Provate a immaginare: una gigantesca galleria a cielo aperto, pensata per ridurre il disagio acustico dei treni ad alta velocità (perché treni merci e passeggeri qui sono sempre passati), che spaccherà in due il territorio come un moderno Muro di Berlino, separando borgate montane e paesi di fondovalle già ricchi di “barriere architettoniche”.
In pratica, si è riusciti a progettare un buco proprio nell’unica tratta dove non c’era bisogno di scavare.
Il 20 febbraio, durante un partecipato consiglio comunale a Borgone — uno dei comuni più colpiti dalle conseguenze del progetto — la minoranza ha espresso con forza le criticità legate agli interventi di cantierizzazione, sottolineando come il progetto sia stato calato dall’alto e sia destinato a rivelarsi inutile e dannoso per il paese. Motivo per cui ha proposto l’impugnazione degli atti della valutazione di impatto ambientale. Anche perchè non c’è solo il tubo: si parla anche della soppressione dei passaggi a livello e della costruzione di una nuova Sottostazione Elettrica, nata dalla “triplice intesa” tra RFI, Terna ed Edison, prevista nei terreni antistanti la centrale idroelettrica ed ottenuta attraverso l’esproprio di terreni agricoli alle imprese locali. Riuscire a far arrabbiare perfino la Coldiretti non era semplice, ma il TAV e RFI ci stanno riuscendo.
Il sindaco Diego Mele, di Fratelli d’Italia, totalmente allineato all’opera, ha giustificato il suo mutismo verso i cittadini parlando di un «aumento del potenziale nel settore logistico» che, se opportunamente sfruttato, porterebbe benefici all’economia del paese.
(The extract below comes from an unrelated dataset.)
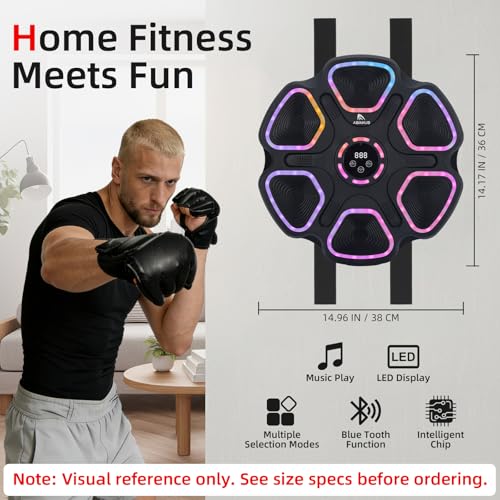 Abahub Music Boxing Machine for Adults & Kids - 11 Modes & Bluetooth Boxing Punch Machine, Home Fitness Equipment with Gloves, Wall Mounted Interactive Boxing Target, Nice Gift Choice - color: Colorful Light, style: Circular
Secondo lui, la soppressione dei passaggi a livello — sostituiti da una rotonda e da una strada di circa 800 metri — faciliterebbe l’accesso alla zona industriale per i mezzi provenienti dal nuovo autoporto di San Didero, collegato all’autostrada. D’altronde, la sua posizione non stupisce: “il tempo delle Mele”, per Borgone, ha significato per anni TIR e camion di movimento terra che scorrazzavano in mezzo al paese, causando continui disagi durante la costruzione dell’autoporto. E anche qui, come a Susa e Bussoleno, non si sente nemmeno parlare della richiesta di una Valutazione di Impatto Sanitario (VIS).
Questo progetto porterà solo devastazione in valle, altro che lavoro e progresso. Chi vorrà mai visitare, vivere o lavorare in un luogo che per almeno i prossimi dieci anni sarà un susseguirsi di cantieri, polveri e cemento? Un territorio in cui la natura e i prodotti della terra vengono sacrificati in favore di un treno. E con quale coerenza si può considerare il lavoro degli agricoltori di serie B, per poi vantarsi dei prodotti Made in Italy?
Ma forse è proprio questo l’obiettivo di chi costruisce la Torino-Lione: trasformare la Valle di Susa in un semplice corridoio a veloce percorrenza verso le grandi città, e non certo in un luogo in cui fermarsi ad assaporare la bellezza delle nostre montagne. Con buona pace della tanto evocata “vocazione turistica” a cui ambiscono le amministrazioni comunali, soprattutto quelle favorevoli all’opera.
La morale è sempre la stessa: laddove il sistema TAV propone di trasformare la valle in un Cantiere Unico, i No TAV dovranno rispondere con un movimento unito. Perché basta un granello di sabbia in un ingranaggio per inceppare l’intera macchina.
Da Rivalta a Salbertrand, passando per San Giuliano di Susa, non è finita qua.